As you can see in the photo, the pith is light enough to float to the top of the water, while the dense seeds sink to the bottom of the bowl! Awesome.


Look at those yummy rubies! Mmm. I can taste their tartness now!


Step 5: Use a strainer to skim the pith off the top of the water.


All the seeds will be at the bottom of the bowl at this point.


Step 6: Use the strainer to drain the seeds. Rinse, if desired.


Step 7: Throw a pinch of those sassy seeds in your mouth and enjoy the flavor rush! :)


Afterward, my kitchen looked like a scene from the board game “Clue”: Artist Abbi. In the kitchen. With a pomegranate.


This was fun. It was simple. It was outside my “normal” definition of art, yet it felt intensely creative.

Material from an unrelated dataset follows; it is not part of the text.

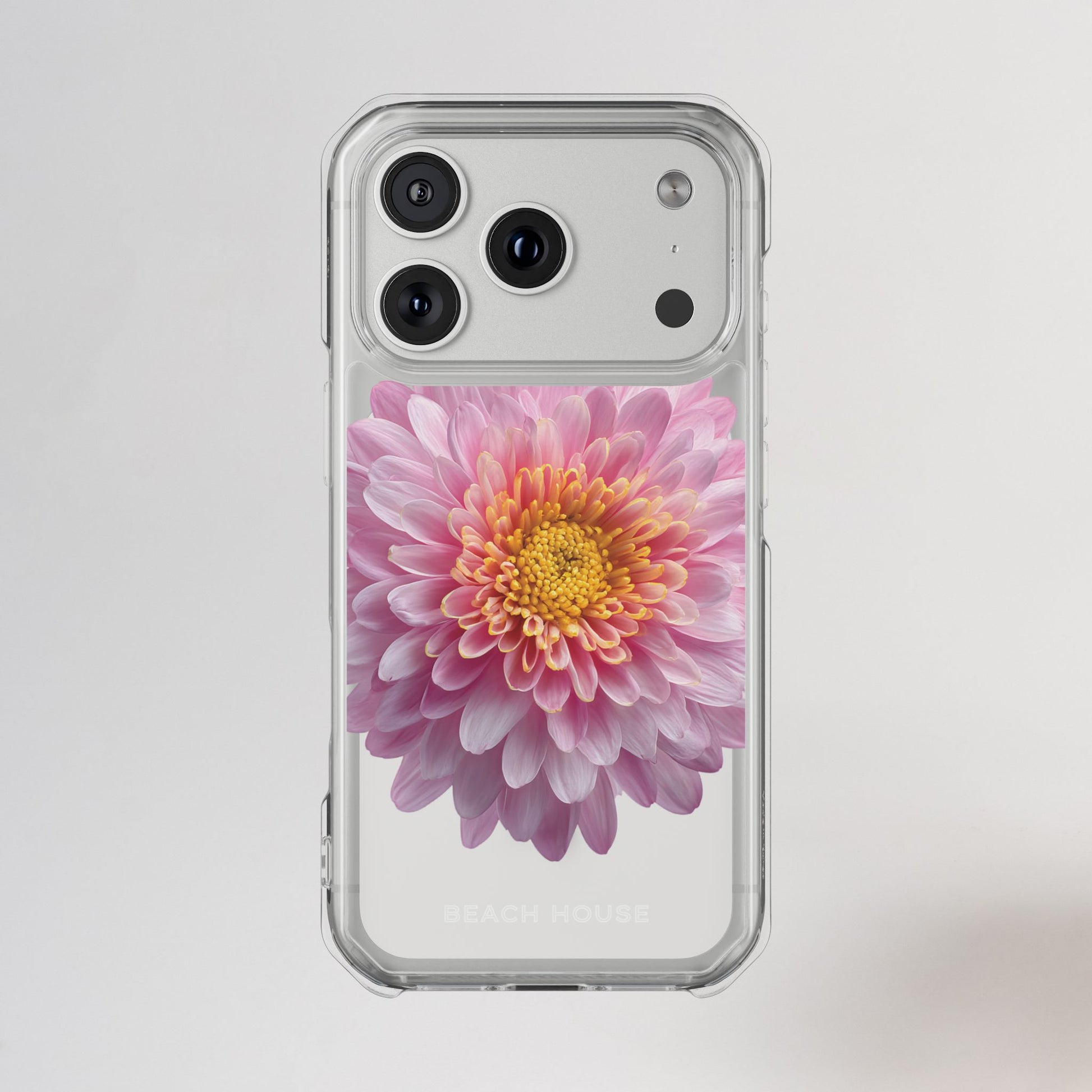 Phone case with a pink flower design on a light gray background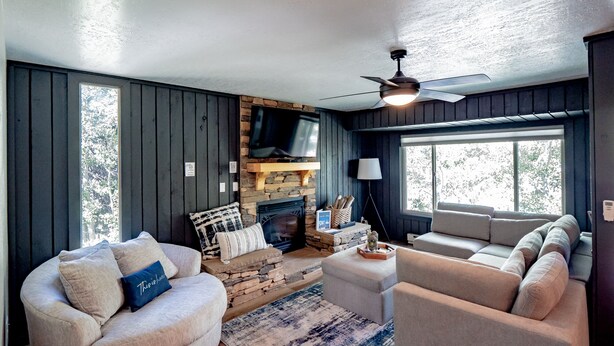 A cozy living room with a stone fireplace, a ceiling fan, and a large window providing natural light.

And as soon as the pears in my kitchen ripen, I’m making one of those recipes that called for pomegranate seeds!


  1. Camille says:

    I’m really tickled that they’ve become the “it fruit” too.
    The trees grow all over in Jamaica, I ate them all the time as a kid, straight from the tree in our backyards. In fact we’d pick ‘em then just bang em on a sidewalk or a rock to get it open and enjoy straight from the source.
    Now I see them for sale in grocery stores in the US and they seem a little expensive to me because I think of them growing so easily at home and they’re being made into power juices. All I can think is wow, all this for the little pomegranate?!
    But they are just as delish now as they were when I was a kid =)
    I laugh with friends from home about it sometimes.
    Mangoes have a similar story for me too.

  2. evie s. says:

    Thanks for this Abby! I was just about to google how to eat a pomegranate because I bought one last week! Then I saw your post. Awesome, I’m going to do this today. :)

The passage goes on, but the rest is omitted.